Q. 1. I am told that there are two kinds of priests. What does that mean? Ain't all priests the same?
A. 1. When a reference is made to two kinds of priests, it is a reference to Diocesan priests and non-Diocesan priests. They differ in the authority that they are called to obey and in the vows that they make. Allow me to explain.
The Diocesan priest is under the supervision of the Diocesan Bishop. To the Bishop, he makes the vows of obedience and chastity. He does not make the vow of poverty, this meaning that he can own property or be involved in operating a business, over and above the ministry capacity in which he is called to serve. Usually these priests will only minister in their Diocese during their lifetime.

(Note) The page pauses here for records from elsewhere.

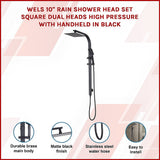 NNEDSZ WELS 10" Rain Shower Head Set Square Dual Heads High Pressure with Handheld in Black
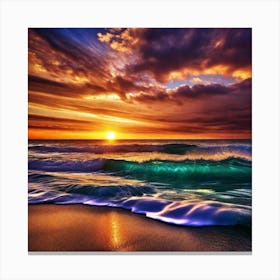 Sunset On The Beach 545 Canvas Print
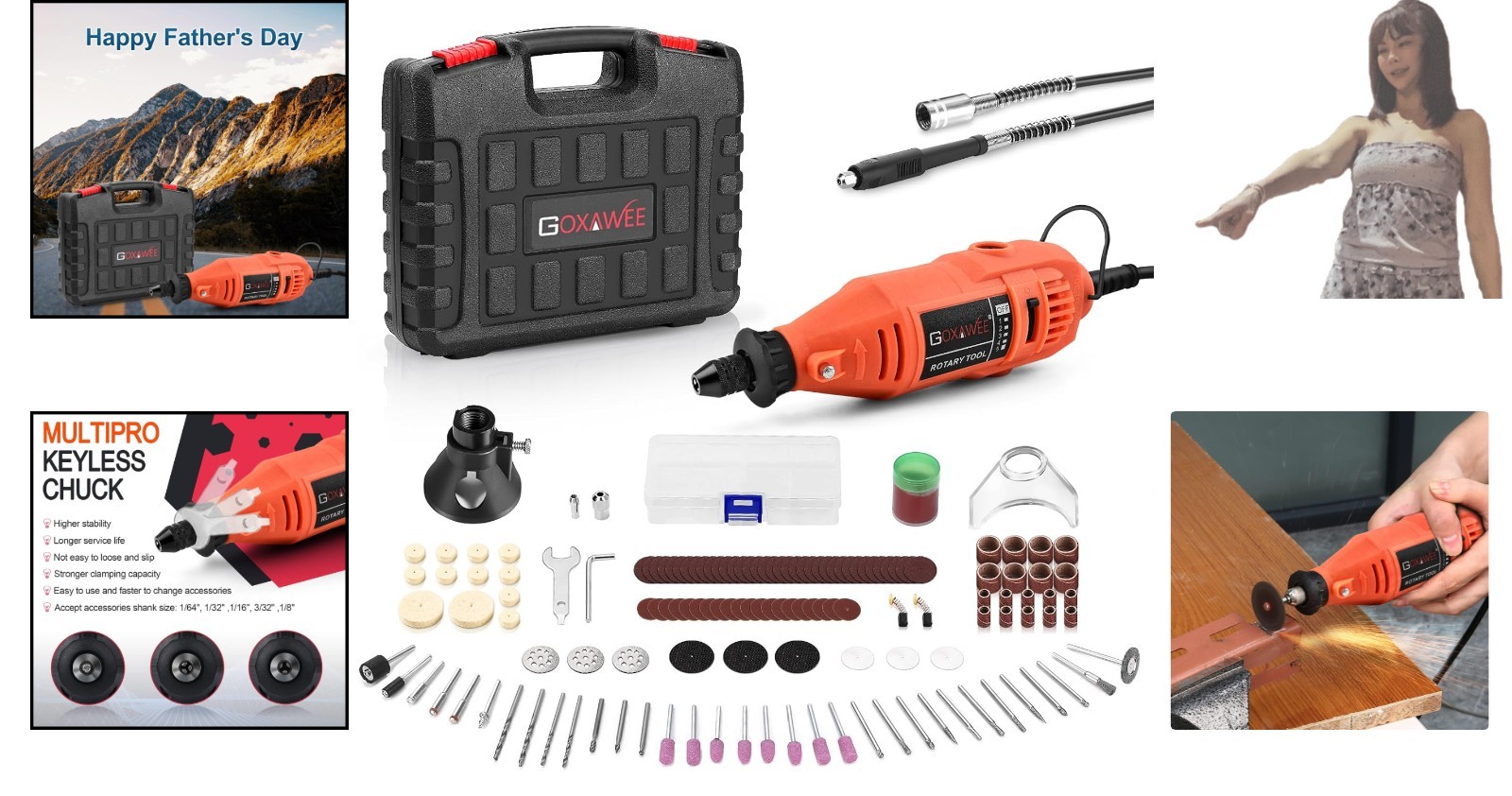 Versatile Rotary Tool Kit with Keyless Chuck & 140 Accessories for DIY Projects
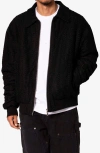 Mnml Open Stitch Knit Bomber Jacket In Black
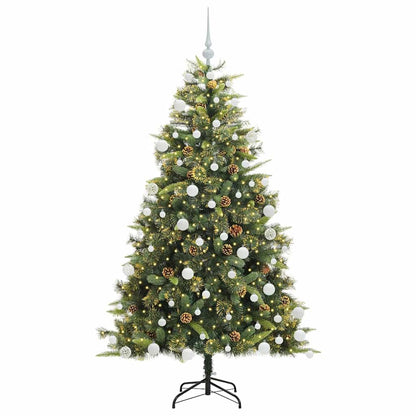 vidaXL Artificial Hinged Christmas Tree with Cones Green 180 cm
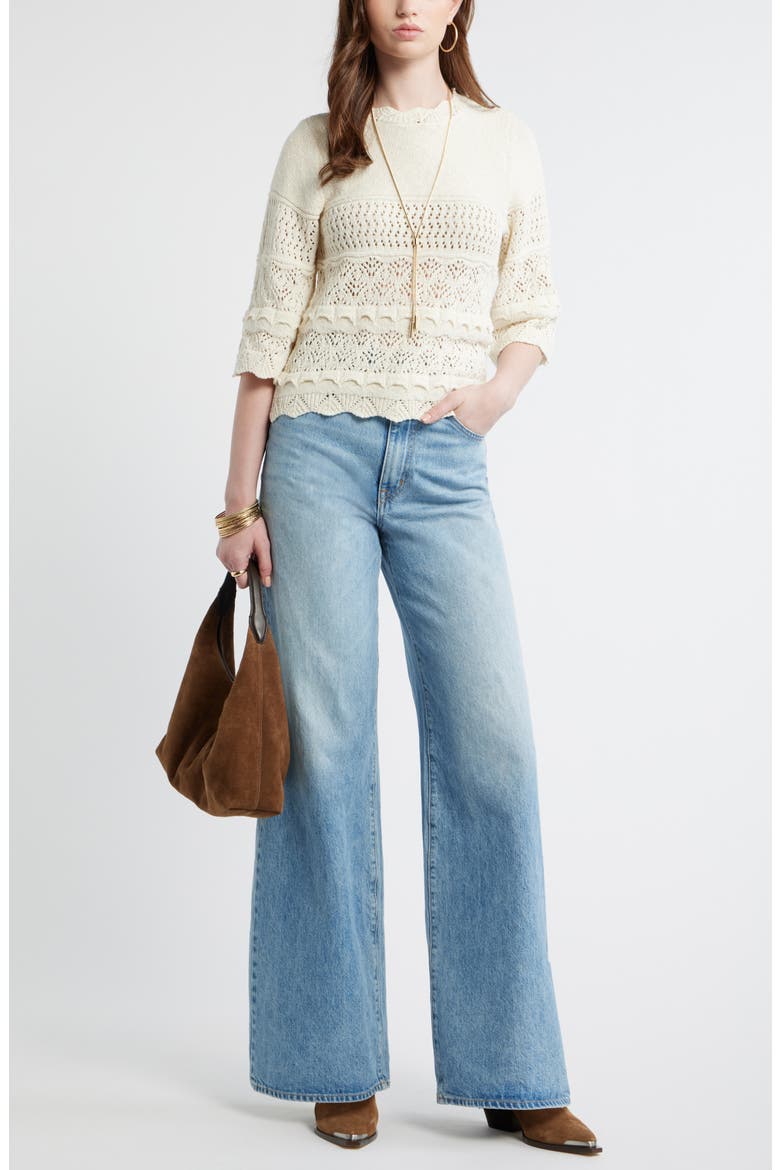 Pointelle Knit Scallop Trim Cotton Sweater, Alternate, color, IVORY DOVE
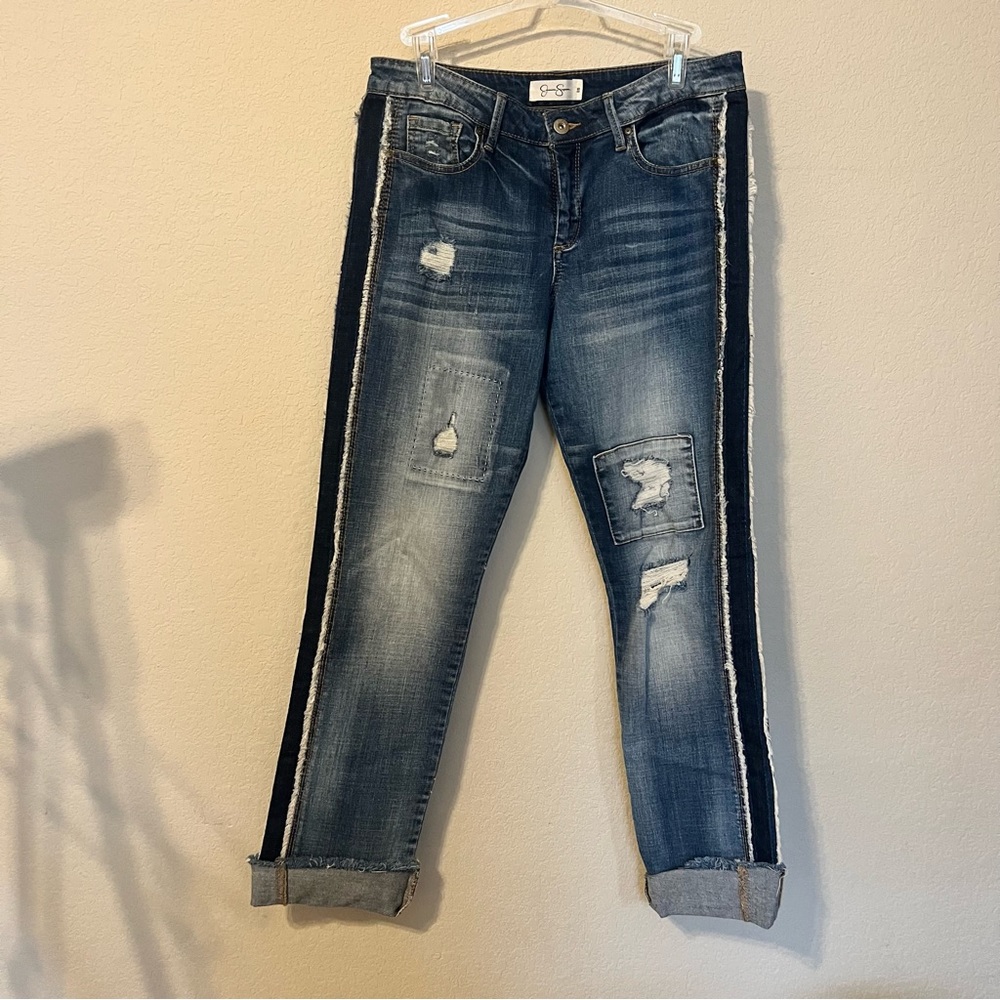 Jessica Simpson Distressed Arrow Straight Striped Side Denim Jeans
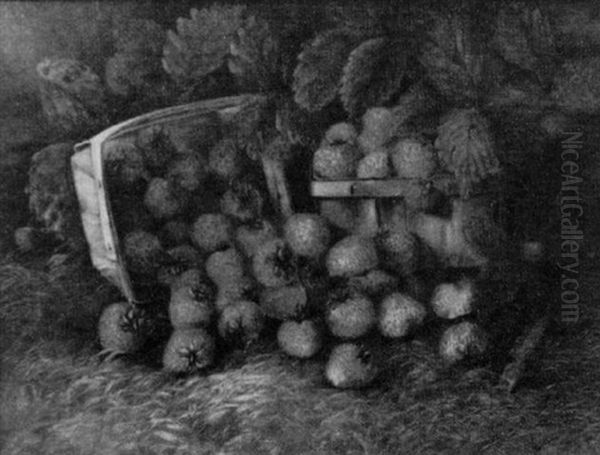 Strawberries Falling Out Of A Basket Oil Painting by Abbie Luella Zuill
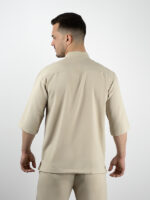 Παντελόνι Jogger Loose Fit & Πουκάμισο Oversized 3/4 Μανίκι Μπέζ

The non-Diocesan priests belong to a Religious Order such as the Franciscans, the Jesuits, the Dominicans, the Oblats, the Redemptorists, etc... They make the vows of obedience, chastity and poverty. They do not own anything. What they use, it belongs to the religious community. If they receive earnings for work performed, the cheque goes to the Religious Order that provides all of their daily needs. They answer to their superior who answers to the "Provincial" (the District authority).
These priests are appointed to a Church/Parish by their Provincial. The Provincial works closely with the Diocesan Bishops within his district. Any of these Bishops may ask him to manage a Church/parish or open up a mission within their territory. He may accept or deny the requests. If he accepts them, he then sends forth his priests by appointment for a number of years. After the completion of a set number of years, these priests are transferred elsewhere. These priests may minister in numerous Parishes, Dioceses, Provinces/States and countries during their lifetime.